What you will do
Leave every picture out and give back the lines below from the first through the line that holds "海氏m5厨师机使用方法,海氏厨师机m5测评排行第一名", exactly as written.

Dataset excerpts
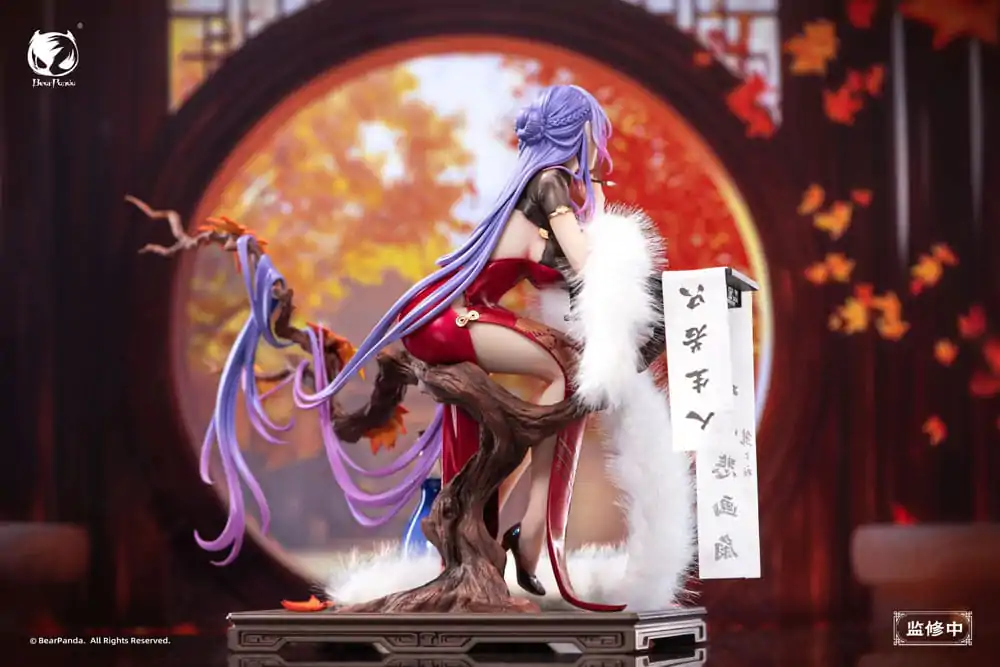 Original Character PVC Socha 1/6 Nalan´s Poetry 23 cm fotografii produktu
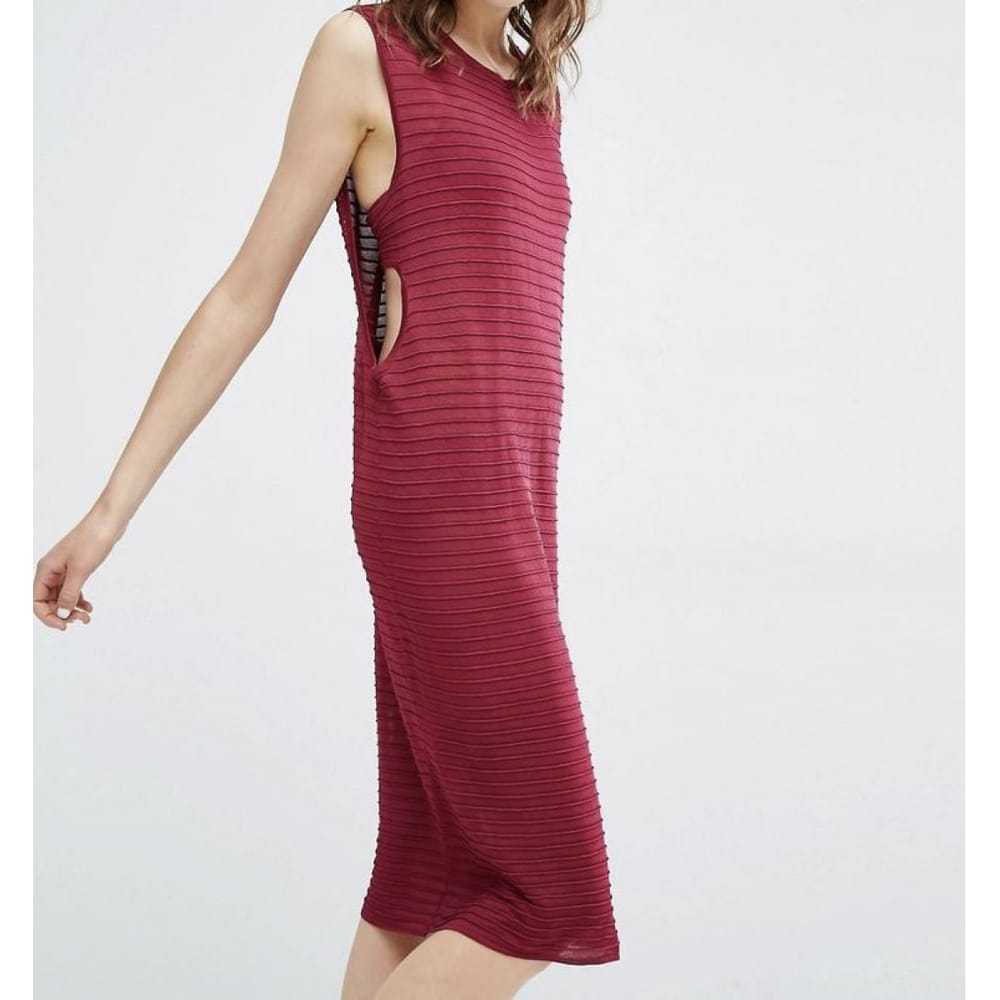 Samsoe & Samsoe Mid-length dress - image 9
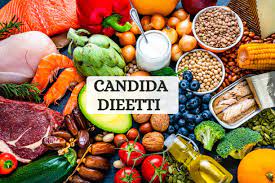 Candida dieetti Explained: Managing Yeast Overgrowth Naturally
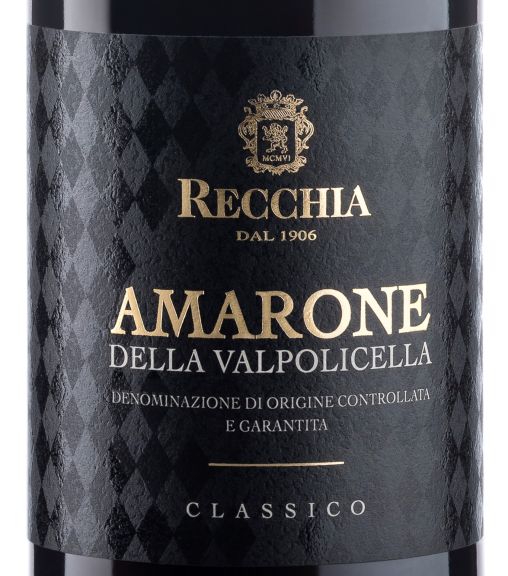 Photo for: Amarone Della Valpolicella Classico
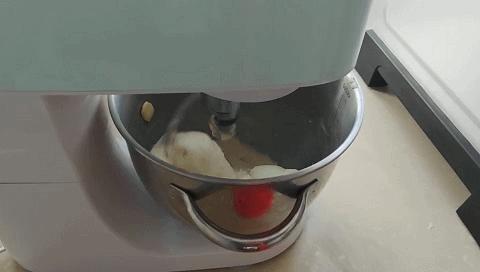 海氏m5厨师机使用方法,海氏厨师机m5测评排行第一名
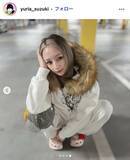 「Netflixヤンキー恋リア「ラヴ上等」Baby「10代ぶりのスーパーロング」イメチェン姿に反響「2次元から出てきたみたい」「透明感すごい」」の画像1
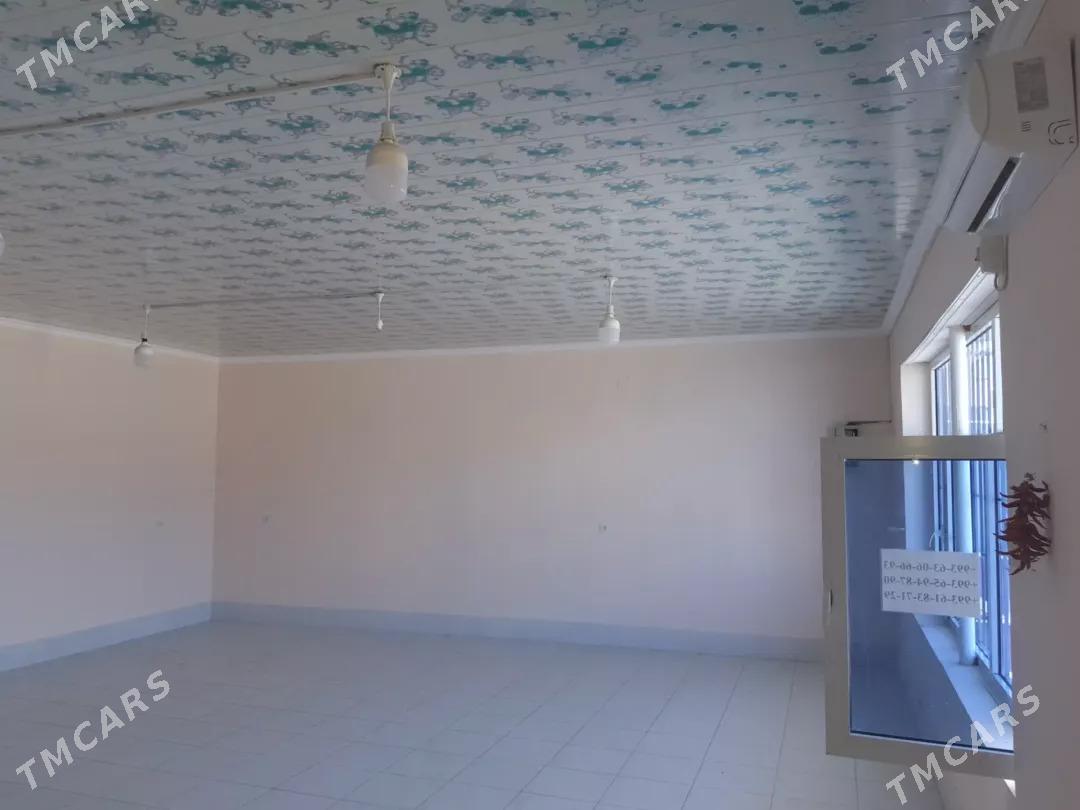 Satılık Magazin Farap Bazarynd - Фарап - img 2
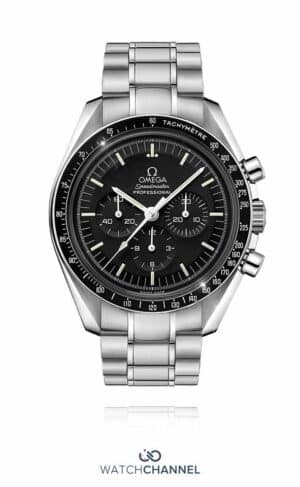 Omega Speedmaster Professional Apollo XI 30th Anniversary Moon Watch ST145.0223 42mm (1999)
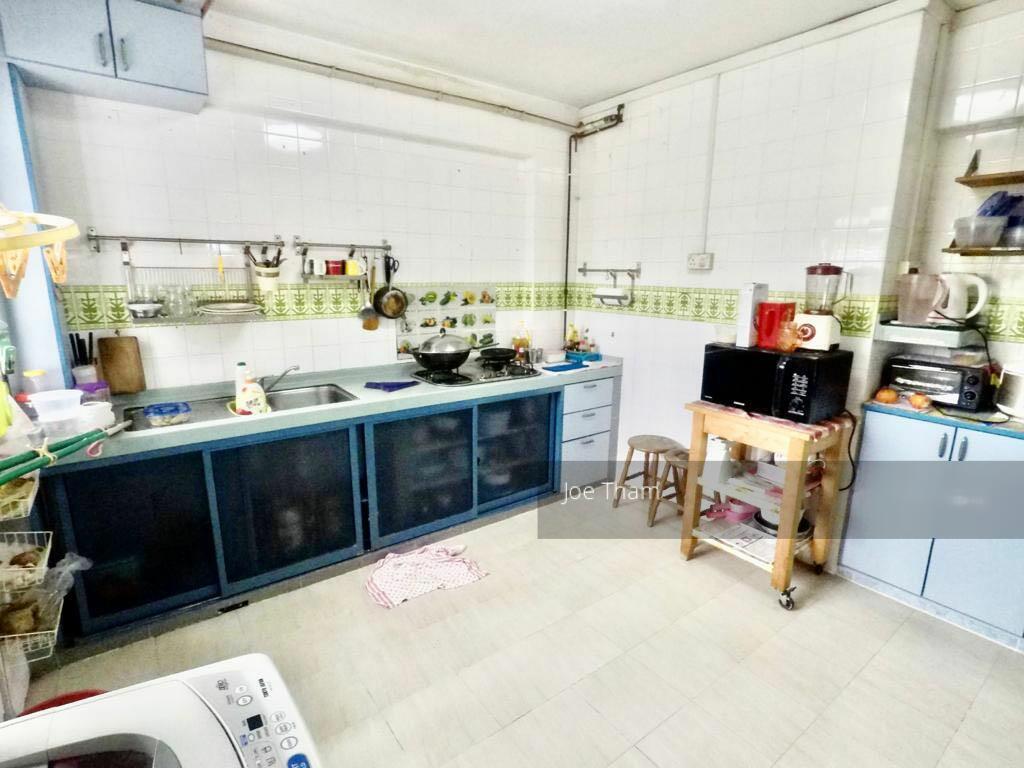 Blk 491C Tampines Street 45 (Tampines), HDB 4 Rooms #298415471
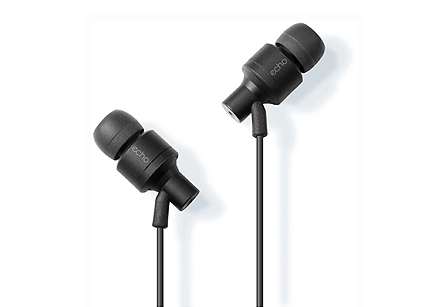 Earbuds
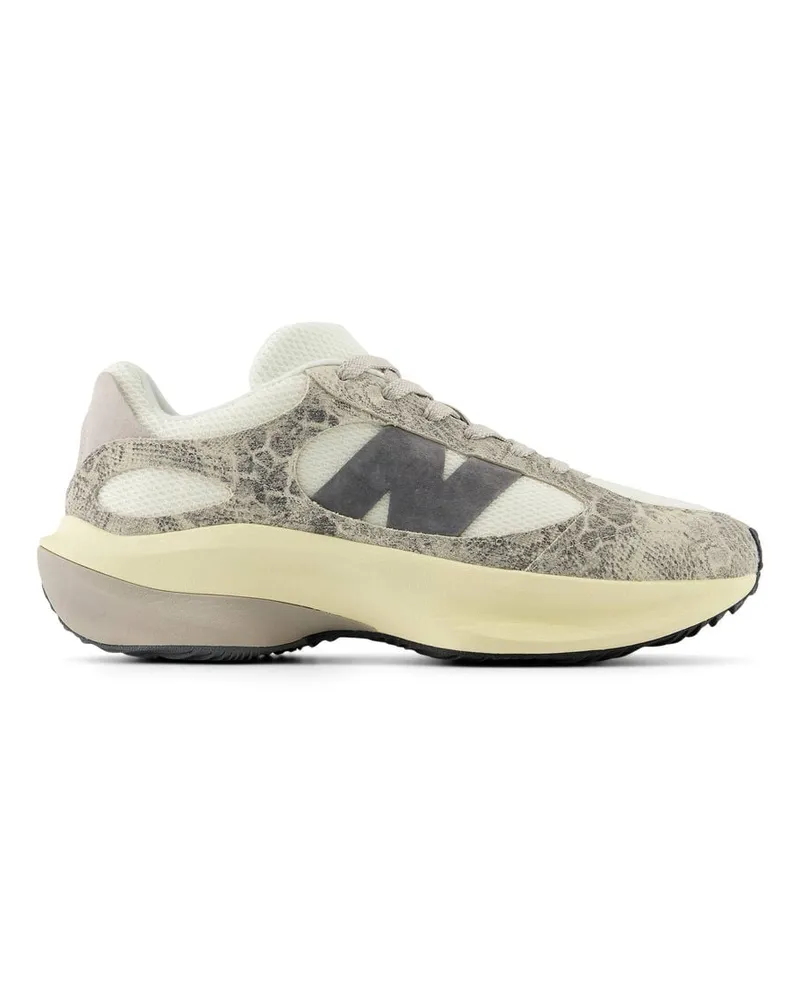 New Balance Damen Sneaker WRPD Grau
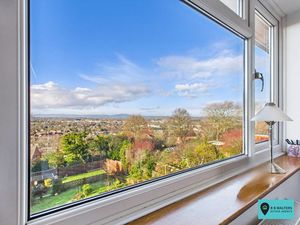 Bedroom View - click for photo gallery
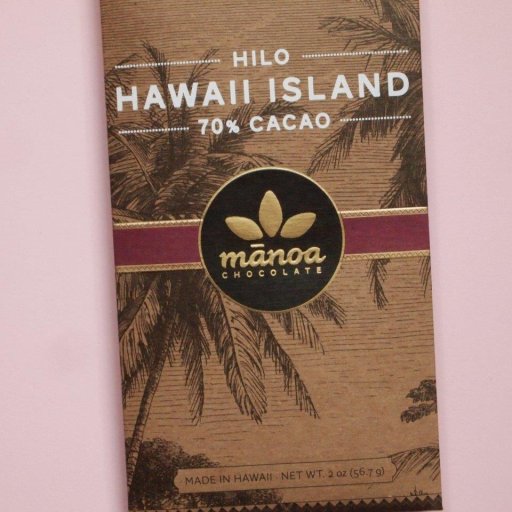 Manoa Hawaii Island Hilo 70%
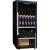 Винный шкаф Climadiff Cpw160B1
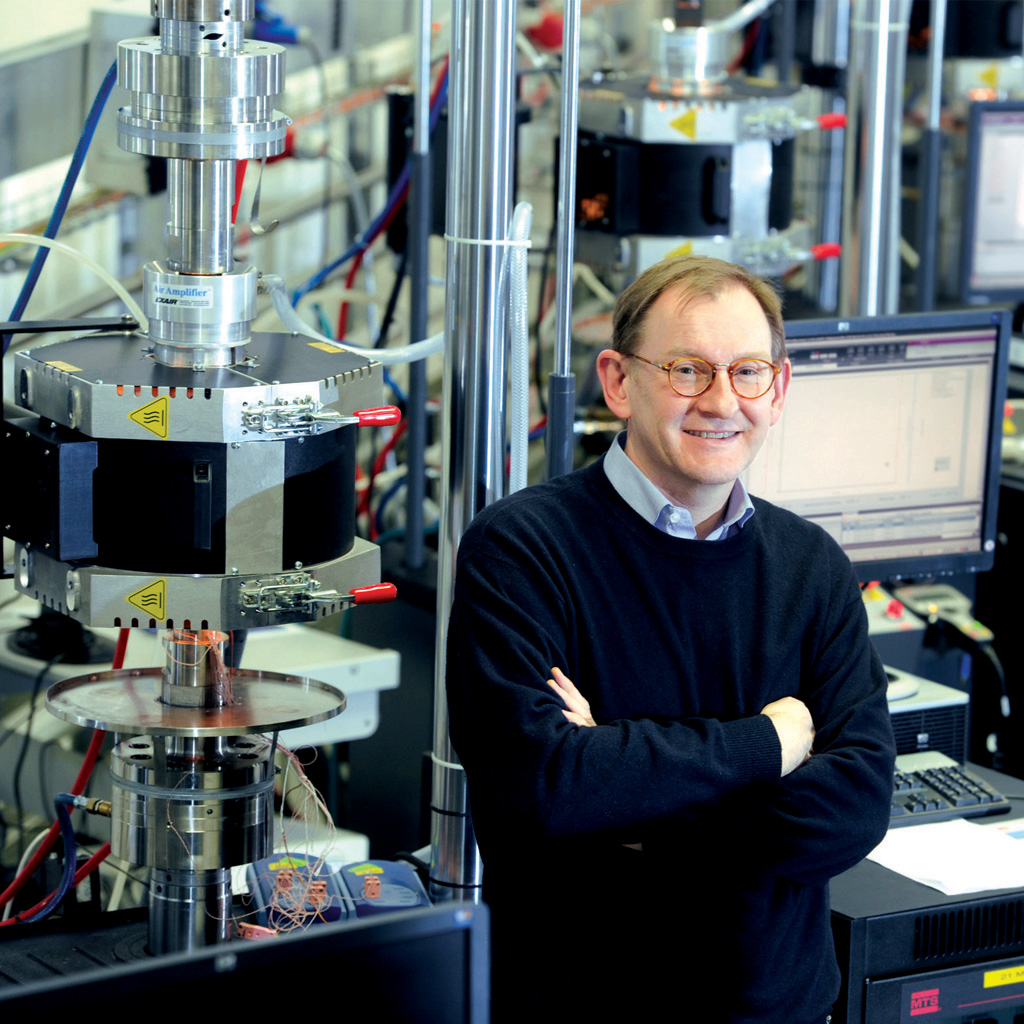 MTS ーロールスロイス MTOC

Solution
 Original Character PVC Socha 1/6 Nalan´s Poetry 23 cm fotografii produktu
 Samsoe & Samsoe Mid-length dress - image 9
 Candida dieetti Explained: Managing Yeast Overgrowth Naturally
 Photo for: Amarone Della Valpolicella Classico
 海氏m5厨师机使用方法,海氏厨师机m5测评排行第一名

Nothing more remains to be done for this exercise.